Les magistrats étaient ce mercredi matin en sit-in devant le Palais du Bardo, à l’appel de l’Association des magistrats tunisiens (AMT). Ils entendaient, par ce mouvement de protestation, obtenir de l’Assemblée nationaleconstituante l’abandon des modifications envisagées pour l’article 103 de la Constitution figurant au chapitre du pouvoir judiciaire et la reformulation des articles 109 et 112 du même chapitre relatifs au Conseil supérieur de la magistrature et au parquet.
« La manipulation des articles figurant au chapitre du pouvoir judiciaire de la Constitution, notamment l’article 103 recalé au vote, met gravement en péril l’indépendance de la magistrature alors que, dans sa mouture initiale, cet article apparaissait comme une garantie de l’indépendance des juges et rompait avec l’hégémonie du pouvoir exécutif sur la nomination des magistrats aux hautes fonctions judiciaires », a estimé la présidente de l’association Raoudha Grafi dans une déclaration aux médias.
« La modification de cet article que certains députés de la Constituante tiennent à faire passer constitue une atteinte à la révolution et une tentative de légitimation constitutionnelle de la main-mise du pouvoir exécutif sur le pouvoir judiciaire ».

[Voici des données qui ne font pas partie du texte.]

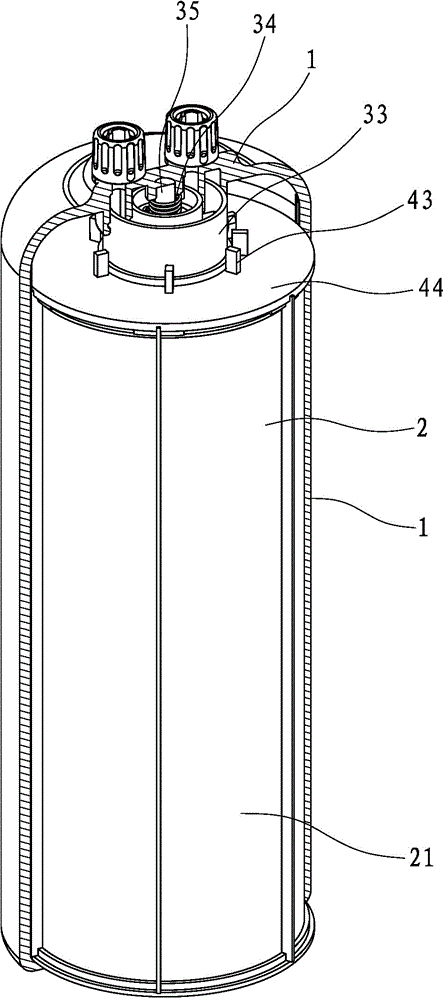 Filter element structure easy to replace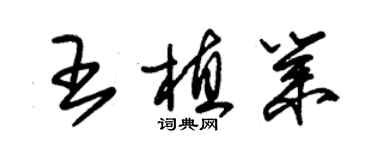 朱锡荣王植业草书个性签名怎么写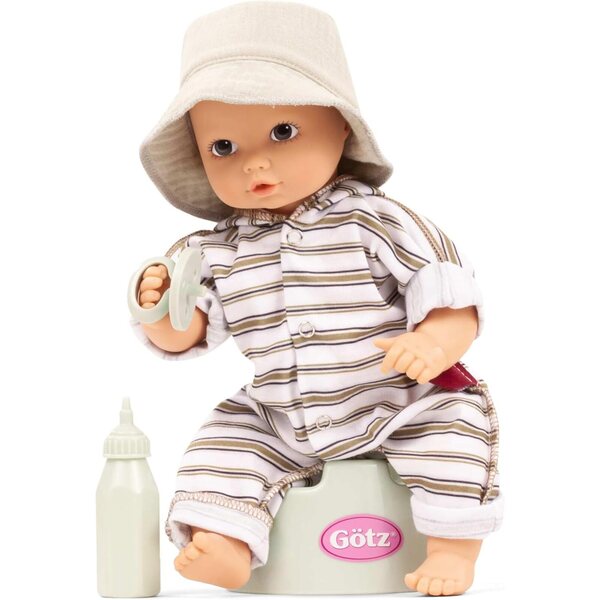 Götz Aquini Girl Urban Stripes – Anatomisch korrekte 33 cm große Puppe mit Zubehör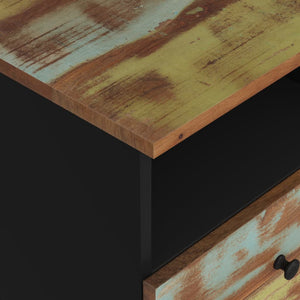 vidaXL Bedside Cabinet Solid Wood Reclaimed&Engineered Wood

Même tonalité dans les propos de la présidente du Syndicat des magistrats tunisiens (SMT), Raoudha Labidi: « Cette bataille est celle de tous les magistrats, voire de l’ensemble du peuple tunisien », a-t-elle déclaré, assurant qu’aucune limite « n’a été fixée pour les futures actions protestataires du Syndicat qui iront crescendo en cas de persistance à vouloir faire passer un projet destiné manifestement à torpiller l’indépendance du pouvoir judiciaire et le droit de tout un peuple à l’égalité devant la loi ».
Niant qu’il y ait « des initiatives de l’Assemblée constituante pour entendre les revendications des magistrats », Labidi a indiqué que « les magistrats cherchent sans relâche à entrer en contact avec les parties concernées, qu’il s’agisse de commissions ou d’élus, pour faire entendre leur voix et plaider l’intérêt de sceller constitutionnellement l’indépendance du pouvoir judiciaire ».
Les participants à ce sit-in auquel la présence de nombreux journalistes, avocats et représentants de la société civile et de partis politique a été remarquée aux côtés des juges, ont scandé des slogans et brandi des pancartes en faveur de l’indépendance de la magistrature et de la presse.
Le président d’honneur de la Ligue tunisienne de défense des droits de l’Homme, Mokthar Trifi a estimé à cette occasion que « l’indépendance de la justice doit être tangible et ne souffrir aucune tentative de la remettre en cause, encore moins les manuvres tendant à placer le pouvoir judiciaire sous l’hégémonie du pouvoir exécutif comme il était de mise avant la révolution ».
De son côté, la présidente du Syndicat national des journalistes tunisiens (SNJT), Néjiba Hamrouni, a fait part du soutien de la profession aux magistrats dans leur grève et à toutes leurs actions protestataires pour une justice indépendante.
Rappelant qu’une magistrature indépendante et une presse libre sont les principaux piliers de la démocratie et du pluralisme, Hamrouni a fait état des démarches entreprises depuis une semaine par le SNJT et la HAICA auprès de l’Assemblée constituante au sujet des articles 122 et 124 de la Constitution afin d’obtenir qu’ils soient expurgés des lacunes qu’ils comportent au détriment des garanties dont la HAICA doit disposer.